• [RAW DATA]
====
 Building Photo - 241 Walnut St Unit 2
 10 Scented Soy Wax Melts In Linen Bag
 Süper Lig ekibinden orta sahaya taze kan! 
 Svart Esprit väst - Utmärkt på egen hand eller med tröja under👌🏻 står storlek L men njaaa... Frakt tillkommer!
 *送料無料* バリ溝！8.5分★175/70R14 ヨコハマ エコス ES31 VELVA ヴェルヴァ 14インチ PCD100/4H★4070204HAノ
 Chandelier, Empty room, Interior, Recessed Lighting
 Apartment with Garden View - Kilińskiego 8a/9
====
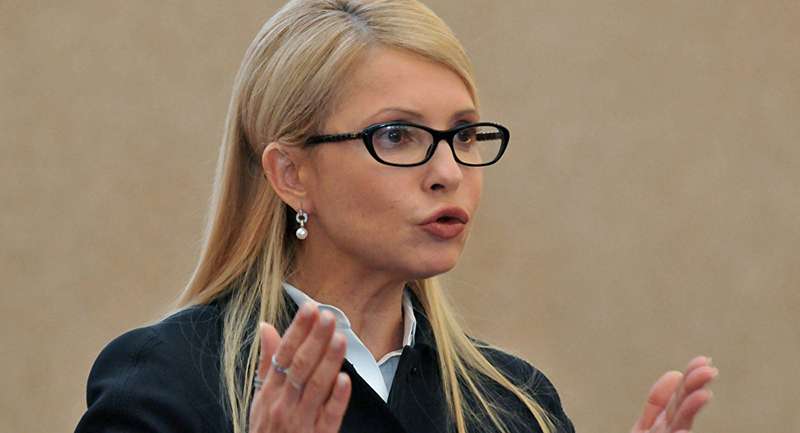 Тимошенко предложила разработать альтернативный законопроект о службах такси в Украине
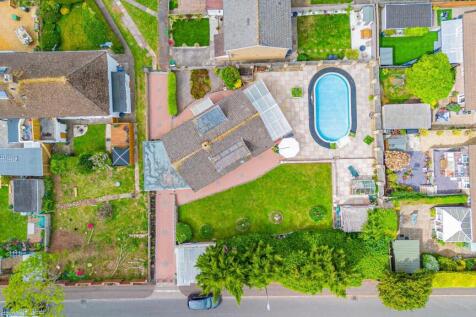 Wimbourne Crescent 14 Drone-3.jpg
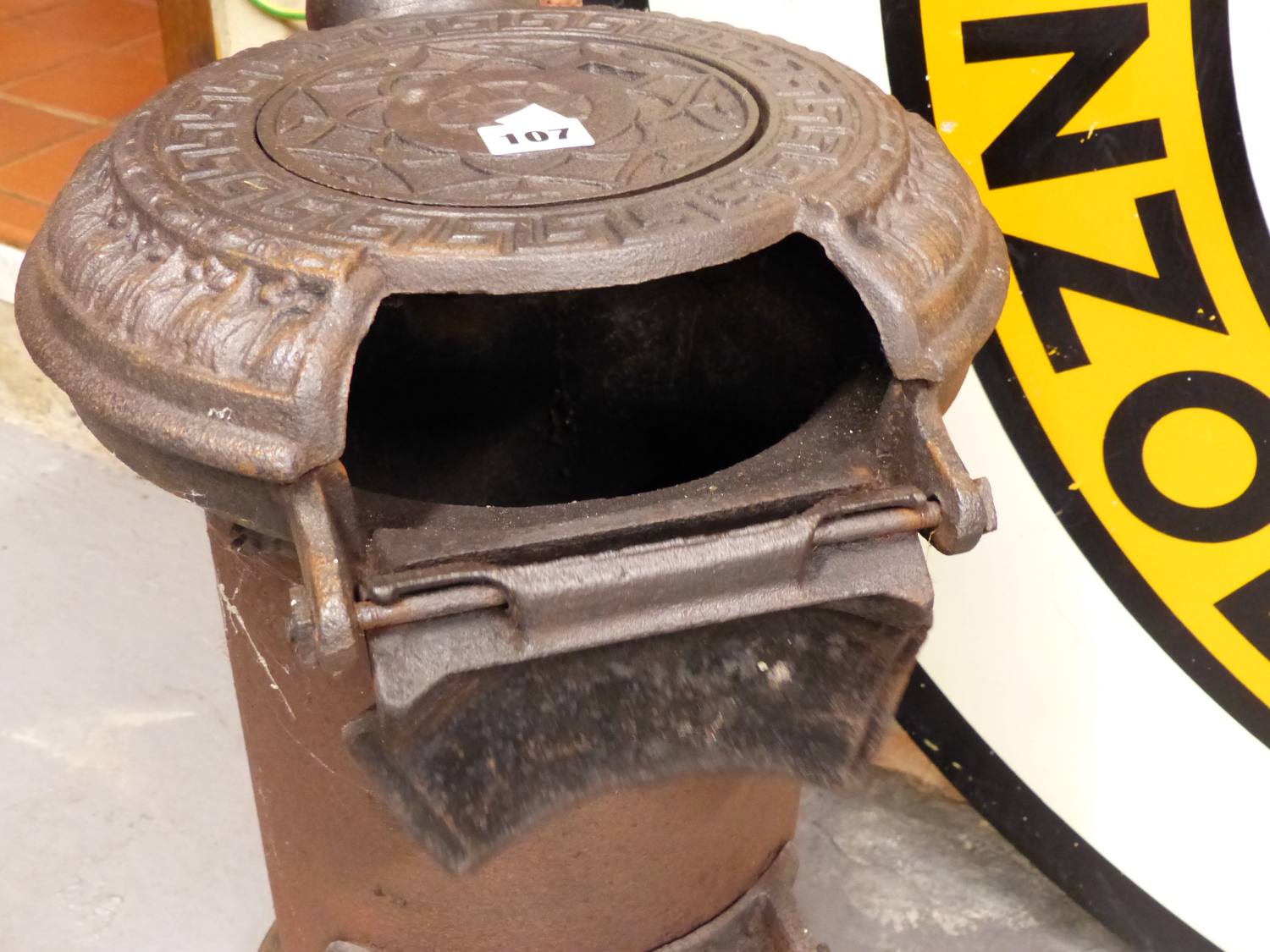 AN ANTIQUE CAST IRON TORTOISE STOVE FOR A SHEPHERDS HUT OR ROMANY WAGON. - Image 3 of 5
====
• [ASSIGNED TASK] Reproduce the lines above starting at the one with "Тимошенко предложила разработать" and ending at the one with "AN ANTIQUE CAST", both included, exactly and with no pictures.

• [WRITTEN SOLUTION]
 Тимошенко предложила разработать альтернативный законопроект о службах такси в Украине
 Wimbourne Crescent 14 Drone-3.jpg
 AN ANTIQUE CAST IRON TORTOISE STOVE FOR A SHEPHERDS HUT OR ROMANY WAGON. - Image 3 of 5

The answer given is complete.